Exercise requirements: Return only the stretch of the material below that begins with the line containing "Wall Mural - dynamic" and ends with the line containing "Assiette en céramique", exactly; both of those lines belong to it.

Records for the exercise:
-*-*-

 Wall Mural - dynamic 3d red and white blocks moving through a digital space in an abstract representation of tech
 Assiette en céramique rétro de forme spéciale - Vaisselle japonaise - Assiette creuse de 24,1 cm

-*-*-

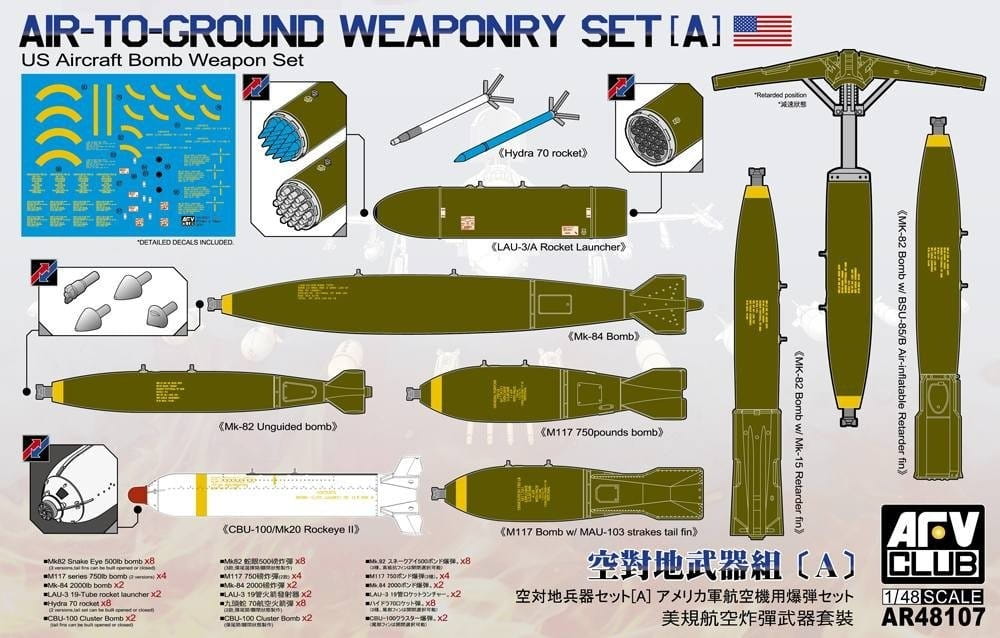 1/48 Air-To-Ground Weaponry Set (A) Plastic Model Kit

-*-*-

Task output:
 Wall Mural - dynamic 3d red and white blocks moving through a digital space in an abstract representation of tech
 Assiette en céramique rétro de forme spéciale - Vaisselle japonaise - Assiette creuse de 24,1 cm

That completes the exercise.